The Akaso Project

The goal of the Akaso design studio is simple: create clothing and handbags that will endure the test of time, with the smallest ecological foot print possible, and are made in full respect for the people involved in the design and manufacturing of our collections.  The Akaso style is the result of a long and expensive design process and comes in the best European materials.   It is our aim to bring these collections at an affordable fair price.  Adopting a low cost marketing and no adds strategy.  We invest in what is real, not in artificial worlds.

We love designing clothes and handbags that you will be proud to wear in 10 years.

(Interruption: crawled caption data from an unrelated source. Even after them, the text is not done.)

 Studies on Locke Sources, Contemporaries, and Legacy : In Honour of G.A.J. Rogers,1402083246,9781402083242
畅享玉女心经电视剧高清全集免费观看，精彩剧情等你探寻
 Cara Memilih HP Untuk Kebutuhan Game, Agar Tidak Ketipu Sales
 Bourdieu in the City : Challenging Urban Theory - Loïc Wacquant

The Akaso Creative Director allows only the strongest design concepts in the collection : only 1 out of 3 fully developed product concepts is finally allowed to go in production.

Every Akaso sweater in collection is the result of a painstaking, time consuming and high cost design process : from the editing of a Kara tribe print on a three dimensional body to a 2D representation on paper, testing various possible print placements on a sweater, identifying which yarn types, production techniques and colour mix are most suitable for each single motif, pushing technical designers to explore beyond what is technically possible.

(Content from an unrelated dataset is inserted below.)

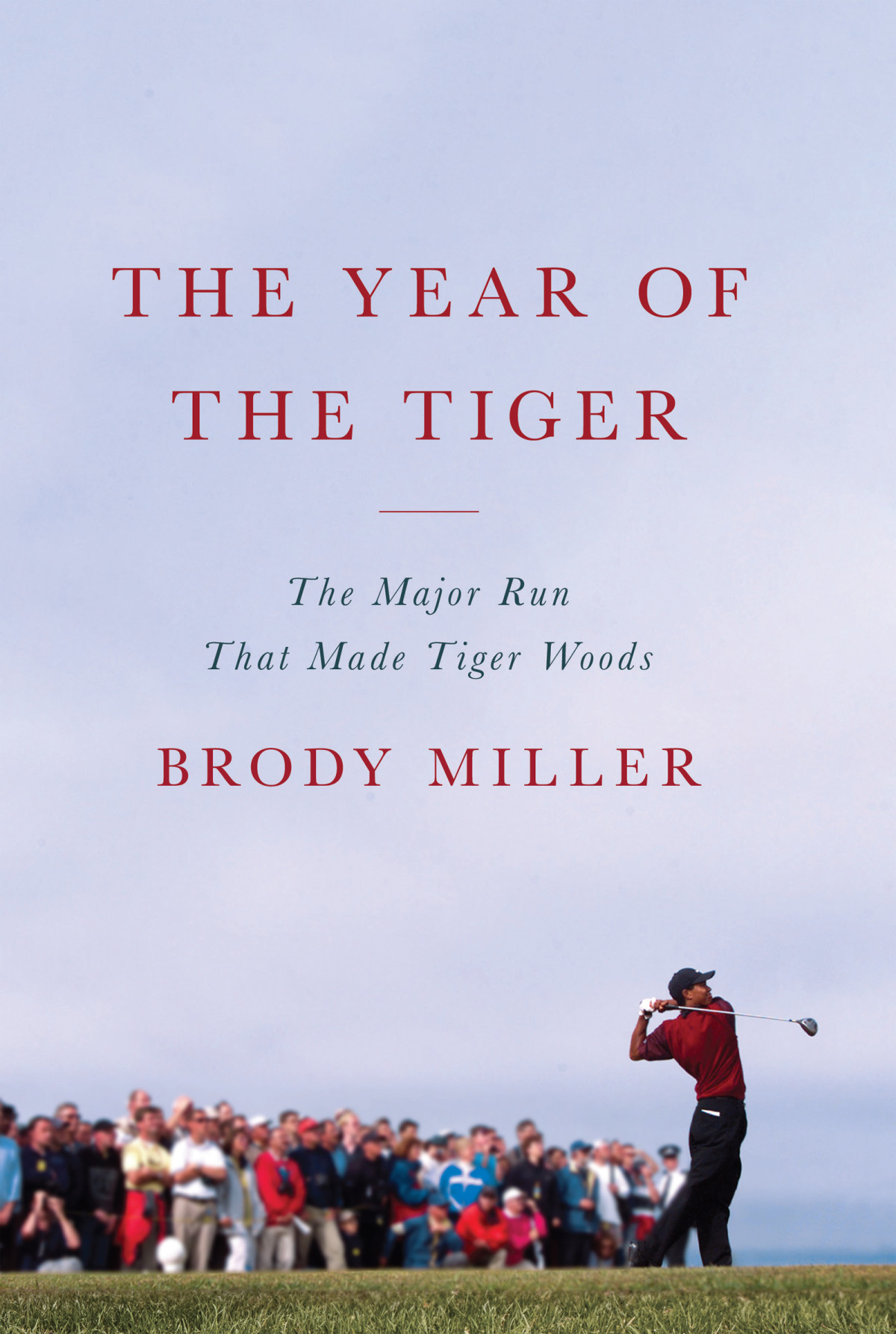 The Year Of The Tiger The Major Run That Made Tiger Woods Brody Miller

At the origins of Akaso there is a very simple truth : 70% of the price of a garment or handbag of a big label is related to their advertisement cost.  


Eliminating advertising, adopting a lean marketing cost, refusing influencers who will endorse any brand as long as you fill their pockets, we prefer to invest in what is real instead of fiction.  It means prioritizing product quality and honest sustainable productions, in stead of inventing an artificial world.

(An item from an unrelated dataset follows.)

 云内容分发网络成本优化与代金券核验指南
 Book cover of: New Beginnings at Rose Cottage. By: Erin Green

At Akaso, instead of relying on marketing hype to have an impact, we rather rely on the universal wisdom of collective respect.

Manufacturing an Akaso garment costs 2 to 4 times more compared to a garment of a big brand.    

Simply because we use the best materials manufactured under the most strict and more expensive European production regulations.  Our prints and sweater motifs requir complex and more expensive production methods.  Numerous are the designer labels that use nylon, polyester or – worse – acrylic, the highly poisonous super cheap synthetic yarn that is proven to be cancerogenous when it ends up in the animal and human food chain.  

When comparing material composition, their quality and social sustainability  (country of origin) – meaning comparing apples with apples – we are confident you will see that Akaso gives high value for money.

The production cost of an Akaso handbag is the same as for a major European luxury house.

And yet, an Akaso handbag comes at a more affordable price.

How we do this ? Because we cut away the advertising spending and adopt a no seasonal sales policy since our 2019 collections.  


Every customer pays the same price, regardless of the time of the year. No items on sale.  Akaso collections are timeless, and therefore not linked to any specific seasonal trend.  Akaso product launches follow our own inventory logic and our desire to surprise Akaso followers with exciting new arrivals.

The fashion industry has been victim over the last decade by an unsustainable business model applied by too many brands across all market segments : brands taking unfair margins anticipating that half of their turnover will materialise in sales, putting in place a pricing policy geared for normal margins when products are sold eventually at minus 70 per cent.

It is understandable that consumers lose track of real product value.  

Respect is at the core of the Akaso philosophy : what we save on advertisement cost, we invest into product quality and fair incomes for the Kara tribe Akaso body painting designers in Ethiopia, and all the men and women in Europe that work hard to design and manufacture the Akaso collections.

In the clothing and fashion industries, the factory is often where all global economic dysfunctions are focused: unsafe, even unsanitary working conditions, highly eroded wages and little concern for the environment.

In our quest to keep the distance between material suppliers and assembly production sites as short as possible, we chose to produce the Akaso collections entirely in the European Union.  The EU has the world’s most stringest environmental regulation for the fashion industry.  Think waste water recycling. Think the EU enforcing a tight control that safe and sanitory working conditions are put in place. 


Today, your consumption habit has a far greater impact on the standard of living of your fellow citizens than the voting ballot.